On the day of the 2019 event, Dr. Wilson stated:
“The future scientists of the world who will help save biodiversity by creating the disciplines that compose it and making the rapid advances and often radical advances in thinking that will make this increasingly feasible, that this is going to be based on a wholly different way of recruiting and training biologist, and it will be essential, I’m certain, of encouraging them, not that they’re going to have to go through the STEM torcher chamber.”
“They should be empowered, now, they should be scientists right away. And how can that be done? That’s what you’re doing, right here, in bringing young people and engaging them. And so this is to me the great significance of what Peter started with one of his wild ideas back in the 1990s.”
Read an excerpt from an interview on the forming of the 1st BioBlitz
June 15, 2019 - Interviewer: Carrie N. Kline
"A colleague of mine at Harvard University, E.O. Wilson, who's an ant guy, we got to be friends, and we decided to do a twist on the first citizen science effort that's meaningful that was done here in America, and it's been going on for a hundred years: a Christmas bird count. And it just hit me once, how come we're just looking at birds and only doing it in the winter time?

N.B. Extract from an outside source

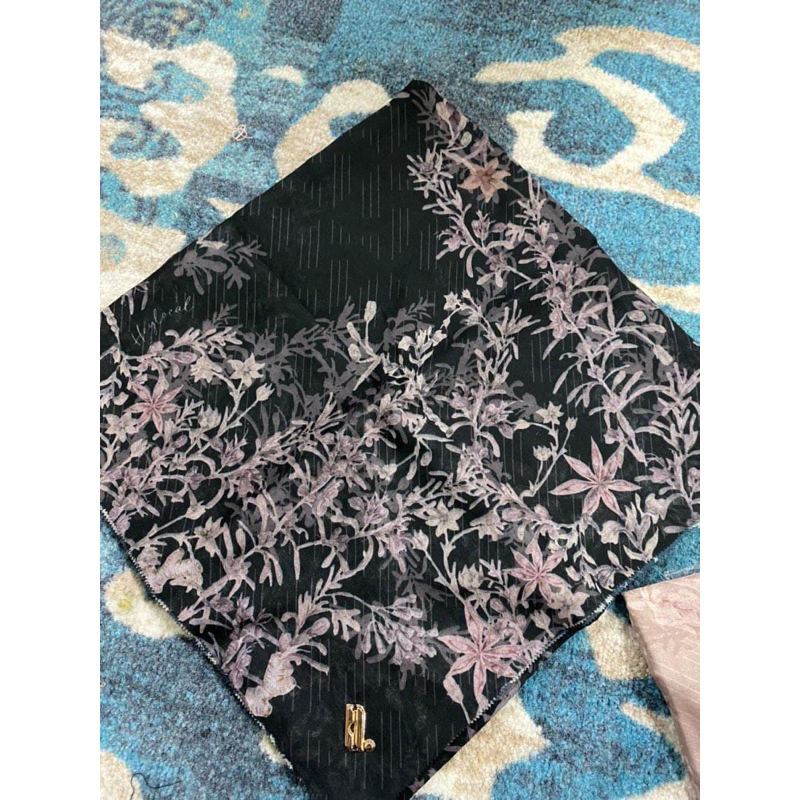 LATHIKA SCARF HEYLOCAL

Why don't we get together bunches of people and try to identify all of the different, not just birds, but mammals, and reptiles, and fish, and all the different groups of insects, and spiders, and vernal pool creatures, trees, and the shrubs, and the vines, and the wildflowers, and the mushrooms and the mosses and the lichens?
So, Ed Wilson and I decided to put together the world's first Biodiversity Day in 1998, centered on our spiritual home, which is Walden Pond and the surrounding woods and surrounding landscape that Thoreau walked in and canoed in, back in, say the 1840s and the 1850s in particular. So we got together to see if we could get a gang of experts of all stripes of field biology to see if we could see a thousand species in a day here. And we did this on July 4, 1998, in honor of the day that Thoreau moved into his cabin at Walden. So we gathered a hundred or more top experts from the Northeast and went around and managed to see close to 2,000 species, visible things that we could see and identify in one day. And we would have cracked 2,000, but our spider guy got stuck in Cleveland in a plane malfunction. And we're re-doing that this coming July 4, 2009."